We thought the Internet was the future. According to Bruce Irons, it is not. And we're fine with that.
By Chas Smith
I have always had an uncomfortable suspicion that that the Internet is patently uncool. Like, the worst. That stylish websites such as Gawker and them-thangs and gofugyourself mask the very soul of nerd. I know Steve Jobs and Bill Gates have more money than Brad Pitt and George Clooney. I assume Tom Anderson and Mark Zuckerberg do too. But I try and bury my fears. Try and think, "No. This Internet business is technological progress. Like, radio to TV."
And I call the perpetually cool Bruce Irons.
"Bruce" I say. "What websites do you go to these days? What are your favorites?" He answers, "Aaaaaaaaah maaan. Ummmmmmm, you know, I still don't know about the computer, honestly. I don't go to any at all. My wife will go on and go to Surfline and I'll read over her shoulder, but that is it.
Shiiiittt…." My suspicions are totally confirmed. He continues. "I wish it was, like, programmed into me or something. That I would want to be able to do stuff on the computer. I think I had a computer typing class in high school, but I still only do the two finger chopsticks. I am jealous of people who get around that shit easily." I correct him. "No no no.

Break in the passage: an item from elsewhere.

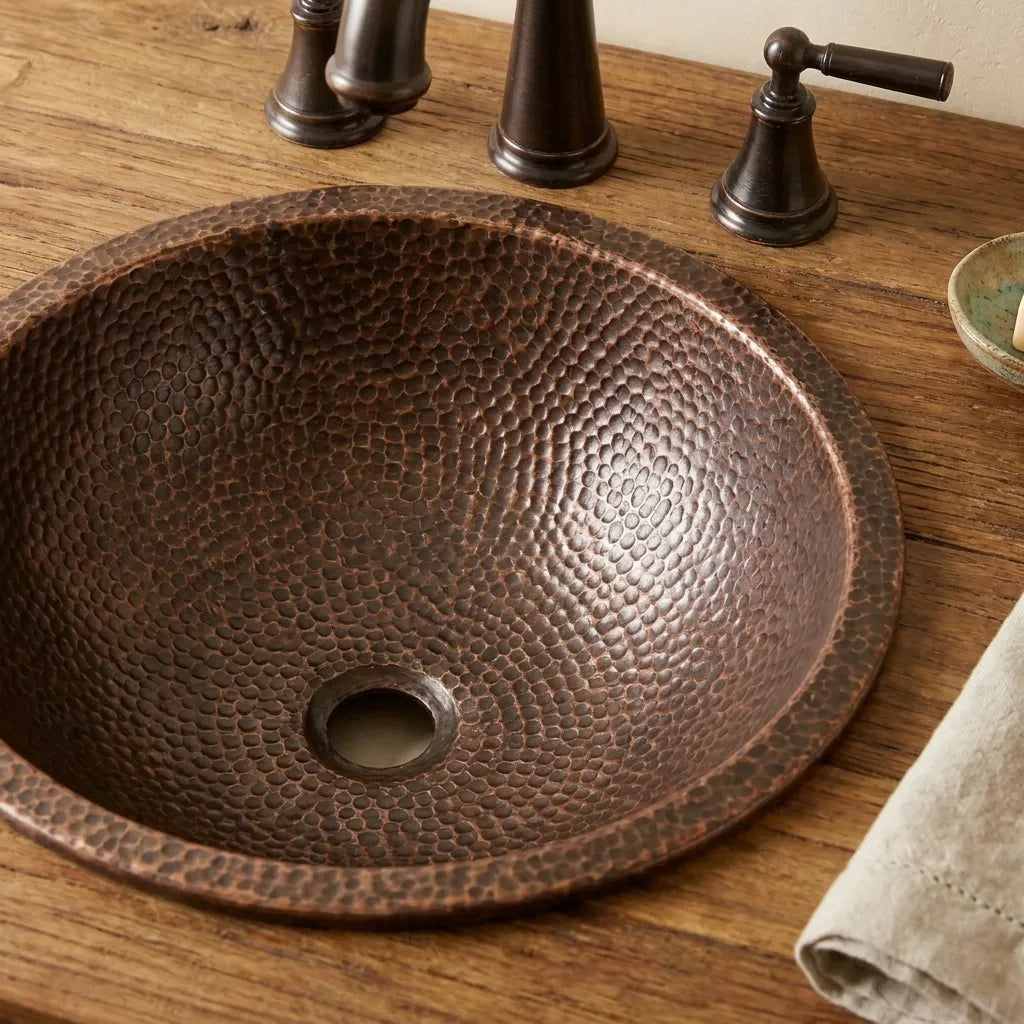 Hammered Copper Bathroom Sink Round Undermount Rustic Vanity Basin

Don't be jealous. Everyone who gets around this shit easily should be morbidly ashamed. It isn't cool at all. None of it." Bruce laughs, "Hahahahahah, yeah it looks like a lot more work. Well, whatever, I can use my iPhone, I just can't fucking send emails. And my wife can get on to Surfline for me…wait, who do you write for again?" "Surfing" I answer. "I mean my wife can get on Surfing for me hahahaha."
Welcome to the new Surfingthemag.com. Bruce ain't here and neither should you be. Get embarrassed.